As a general rule, you can't have your cake and eat it too. Either you eliminate the disease effect so that cells from different conditions can cluster together, or you keep the disease effect and you get separate disease-specific clusters. If you want the same cell type from different diseases to be put in the same cluster, it is inevitable that you remove the effect of disease in your expression/PC space, otherwise you'll just end up with multiple clusters (one per disease condition) for the same cell type.
Now, neither of these outcomes is "wrong", _per se_. You could argue that getting multiple clusters for the same cell type is the right thing to do, as the disease effect represents genuine biology. However, regardless of whether this is "right", it is most definitely annoying, because we now have to go through all the clusters to see which ones match up to the same cell type across disease conditions. This is necessary to perform the most interesting comparison, i.e., between expression profiles or frequencies of the same cell type in different conditions. So if you have to do this cross-matching between conditions anyway, why not make it easier for yourself and eliminate the disease effect at the start so that you can get a single cluster per cell type? Note that the removal of disease only relates to the clustering: it doesn't mean that you discard the disease effect from your entire analysis, and it is straightforward to characterize the effect in later DE analyses. See here for a discussion and here for an actual pancreas + diabetic example.

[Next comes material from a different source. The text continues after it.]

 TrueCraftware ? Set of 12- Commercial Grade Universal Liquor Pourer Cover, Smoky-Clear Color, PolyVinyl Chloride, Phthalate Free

As a final point: if you absolutely must merge your datasets without eliminating the disease effect, you need to give batchelor a control set of cells that should be the same between disease conditions. Most functions will have a restrict=
argument; if this is set, only the specified cells are used to compute the correction, and the same correction is extrapolated to all other cells. This was initially designed for experiments involving spiked-in cell controls, but personally I found it to be rather disappointing. In any case, if you can identify some shared cell population that is not expected to change across your samples, you _could_ use this option... but honestly, I would suggest just doing the correction with all cells as discussed above.